In this paper, we present GZoltar, a visual debugger for Java programs that aims to fill the gap of currently available automatic debugging tools. The main premises for GZoltar are therefore the following:

  • Implement a robust automatic debugging framework that allows different visualization techniques, and that may be easily expanded in the future;

  • Help the user to find software faults faster, by aiding the understanding of debugging results;

  • Be highly integrated in a multi-platform development environment to reduce the learning curve, and the time spent on swapping between faults’ localization and their fixing;

  • Have an easy and fast installation process to facilitate its adoption and use;

The automatic debugging tool behind GZoltar is Zoltar (Janssen, Abreu, & Van Gemund, 2009), a Spectrum-Based Fault Localization (SFL) framework whose performance is amongst the best ones for fault localization (Abreu, Zoeteweij, & Germund, 2009). GZoltar is implemented as a plug-in for the Eclipse integrated development environment (IDE) (Burnette, 2005) due to its wide adoption (Geer, 2005) and plug-in development facilities (McCullough, 2006). The interactive visualization framework uses OpenGL for graphics rendering due to (i) its flexibility to produce both 2D and 3D graphics, (ii) its performance supported by hardware acceleration, and (iii) its multi-platform availability (Shreiner & Group, 2009). As Eclipse cannot access OpenGL directly, some supporting libraries such as JOGL were used to create bindings to OpenGL native system libraries (Wolf, 2005). The interactive visualization framework can be easily extended with new visualizations, and we present two examples of possible visualizations as proof-of-concept: sunburst and treemap (Stasko, Catrambone, Guzdial, & McDonald, 2000).

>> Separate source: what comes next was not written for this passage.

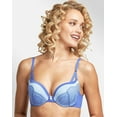 thumbnail image 1 of Maidenform Underwire Bra Love the Lift Push Up & In Womens Max Lift DM9900, 1 of 4
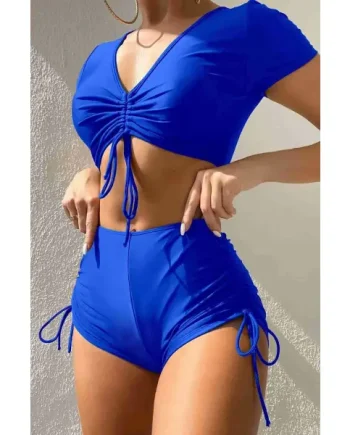 Deluxerie Bikini Top Yeline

The proposed interactive visualization framework eases the creation of different debugging data visualizations and allows navigation and integration with default Eclipse features, such as the code editor and the building warnings’ list.

The remainder of this paper is organized as follows. In the next section we present a review of the state-of-the-art. Then, we explain automatic debugging and outline the Zoltar framework. The presentation of the GZoltar‘s architecture follows. Subsequently, we propose GZoltar's visualizations, followed by their interaction. Next, we report on the results of the user study. Finally, we conclude and discuss future work.